Please tell us about your latest release.
“I’ve Been Deader” is a novel told from several points of view, There’s Fred, a zombie trying to find love, his son, and a small meteorite that is residing in the crushed head of an undead mailman. There’s Jon, a likeable serial killer who feels like a kid in a candy store when the zombie apocalypse hits. Finally there’s Timmy, Fred’s still-living son who is desperate to find a way to save his dad. The story blends horror and comedy and neither gets in the way of the other. It ain’t bad.
Was one of your characters more challenging to write than another?
Aleta, Fred’s love interest, was difficult for me. For reasons that I won’t go into here, I didn’t want to give her an internal or external voice. This meant I had to show her to the world by her actions and how others saw her. That was a bit of a challenge.
Is there a character that you enjoyed writing more than any of the others?
I loved writing the scenes with Fred in them. He’s the main focal point where I found it easiest to blend comedy and horror, depending on what the story needed. Besides, to create a zombie that stays true to his undead, ravenous nature and still elicit sympathy from the reader is quite a feat, and I’m proud of it.
What is your favorite scene from the book? Could you share a little bit of it, without spoilers of course?
There’s a chapter called “Dead Divas” that I love. A character named “Sunshine” is forced to search a building for painkillers and other drugs, and finds himself in a bar with transvestite entertainers. That chapter’s a corker.
What is the most interesting thing you have physically done for book related research purposes?

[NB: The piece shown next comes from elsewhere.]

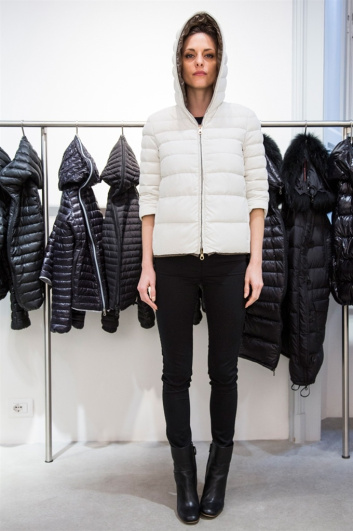 Fotoservizio/FW 2016-2017/WOMEN/DUVETICA/DP2/13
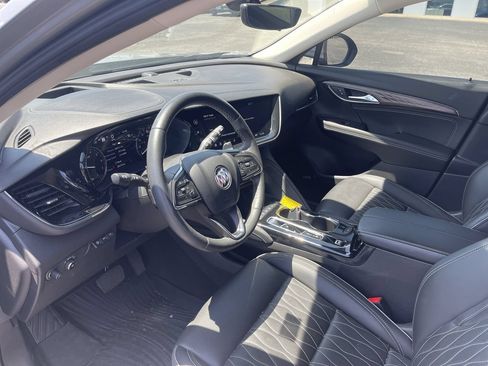 Used 2023 Buick Envision Avenir AWD/4WD image 10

I learned that in order to write, you have to wake up in the morning and write. That continues to be a challenge for me.
Can you tell readers a little bit about the world building in the book/series? How does this world differ from our normal world?
“I’ve Been Deader” takes place in this world after a zombie apocalypse. I tried to keep the world as real and common as possible for juxtaposition purposes. For example, the story opens up with Fred taking stock of himself in a bathroom on the Vince Lombardi rest area, off the New Jersey Turnpike. I mean, you can’t get more depressingly real than that. There’s key scenes at Newark Airport, the Camden, NJ Aquarium, the Eisenhower Tunnels in Colorado, IKEA, Chinese restaurants – all the hot travel spots.
With the book being part of a series, are there any character or story arcs, that readers jumping in somewhere other than the first book, need to be aware of? Can these books be read as stand alones?
All my books, and most of my chapters, can be read as stand alone.
Do any of your characters have similar characteristics of yourself in them and what are they?
Yes. Fred and I both have fond memories of being younger, slimmer and alive.
Do you ever suffer from writer’s block? How do you deal with it?
I go get something to eat, maybe cause a bit of trouble on the internet and then just write.
Do you find it difficult to write in multiple genres?
Not really. The key for me is reading several books in a genre I want to write in. Once I get a feel for what readers expect, I can usually write to meet their expectations and at the same time give them something they didn’t expect.
When did you consider yourself a writer?
I wrote a few poems for a beautiful woman and they worked. That was all the incentive I needed.
What are your guilty pleasures in life?
I watch the Bachelorette and Project Runway. But you can’t tell ANYONE. Also, I enjoyed the movie “The Joy Luck Club.”
Other than writing, what are some of your interests, hobbies or passions in life?
I love playing tennis and reading about the American Civil War.